● Data records
::::

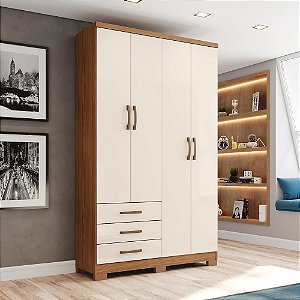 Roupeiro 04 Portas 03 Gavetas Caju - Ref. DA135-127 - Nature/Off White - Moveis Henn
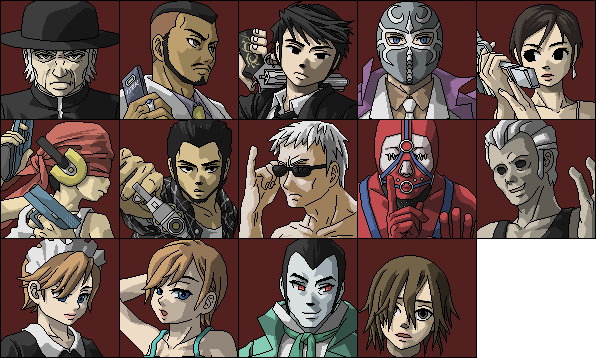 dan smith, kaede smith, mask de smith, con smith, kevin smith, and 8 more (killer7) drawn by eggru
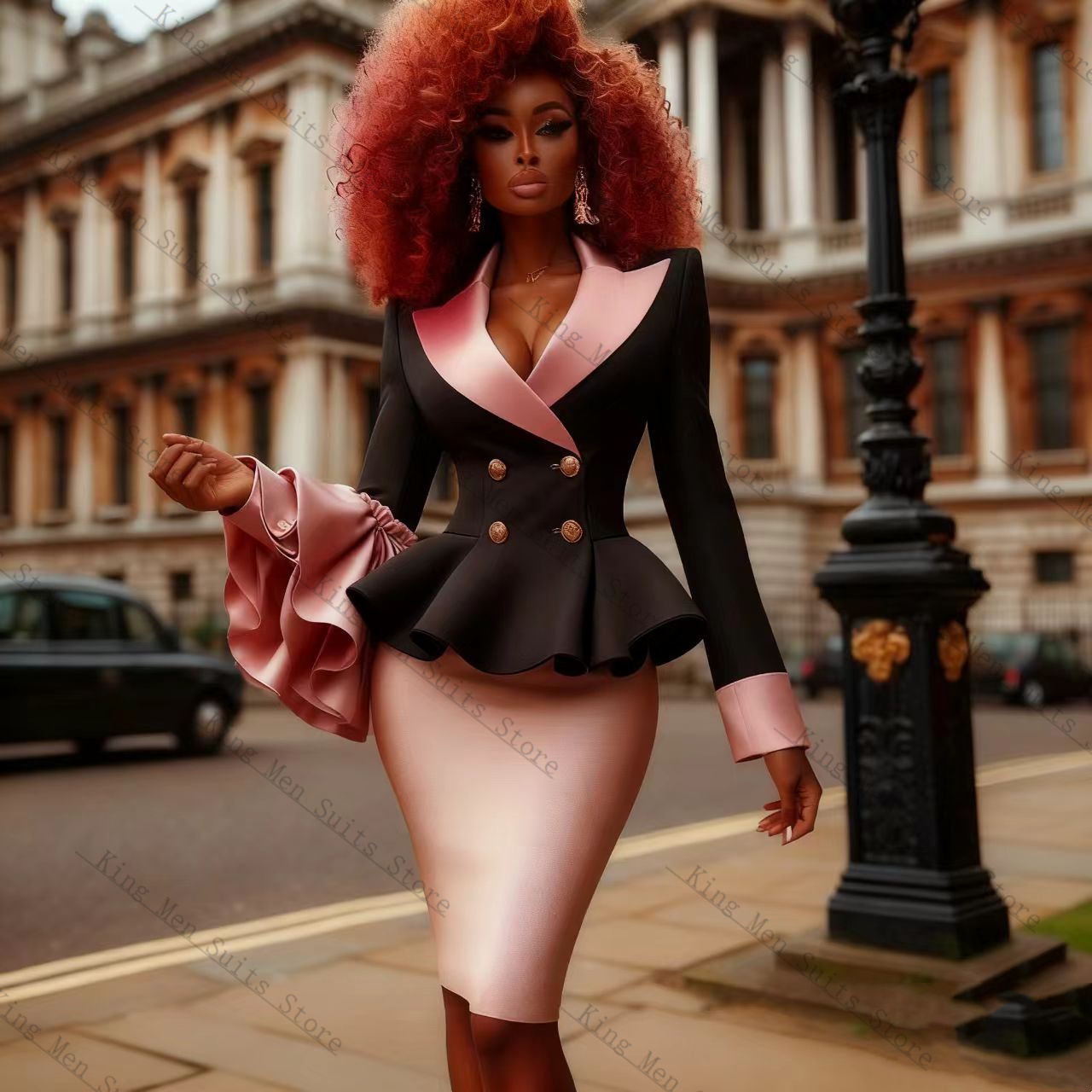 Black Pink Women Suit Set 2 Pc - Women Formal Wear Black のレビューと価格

::::

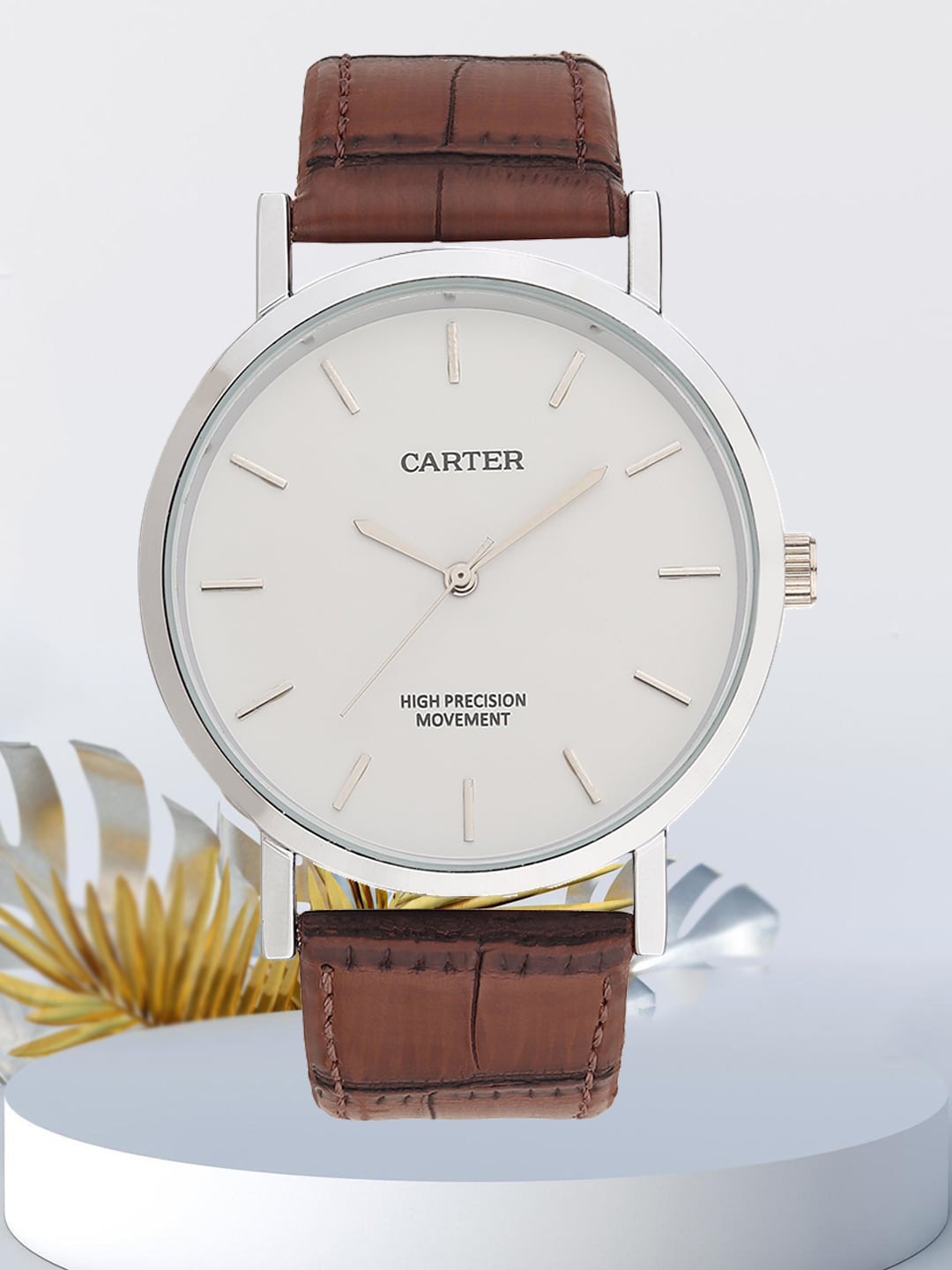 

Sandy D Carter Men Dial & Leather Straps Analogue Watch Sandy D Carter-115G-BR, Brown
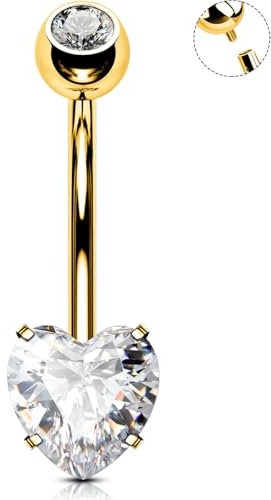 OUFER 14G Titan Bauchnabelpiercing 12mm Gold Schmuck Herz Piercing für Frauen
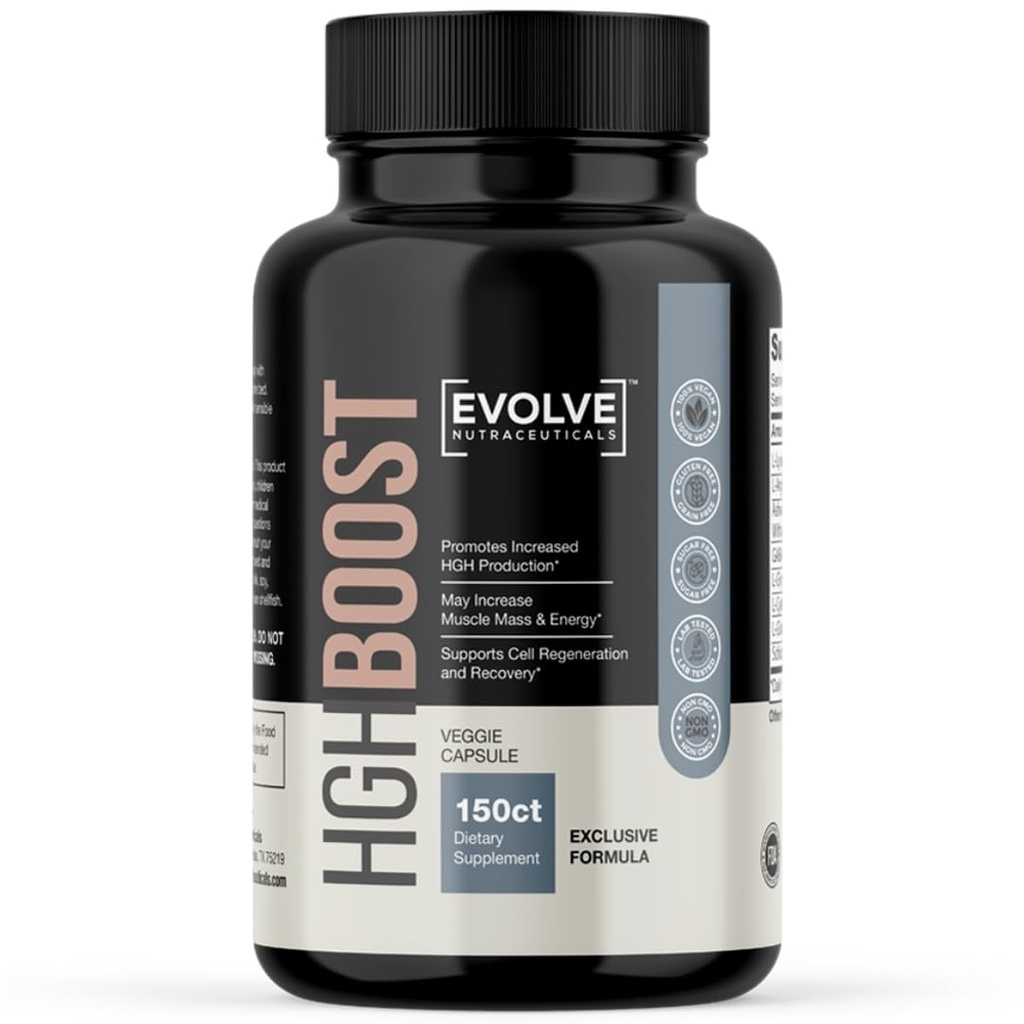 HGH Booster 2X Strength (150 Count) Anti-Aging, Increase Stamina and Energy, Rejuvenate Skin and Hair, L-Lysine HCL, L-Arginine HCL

::::

● Work to be completed
With the pictures left out, write out exactly the lines above from the one containing "dan smith, kaede" through the one containing "Black Pink Women".

● Answer section
 dan smith, kaede smith, mask de smith, con smith, kevin smith, and 8 more (killer7) drawn by eggru
 Black Pink Women Suit Set 2 Pc - Women Formal Wear Black のレビューと価格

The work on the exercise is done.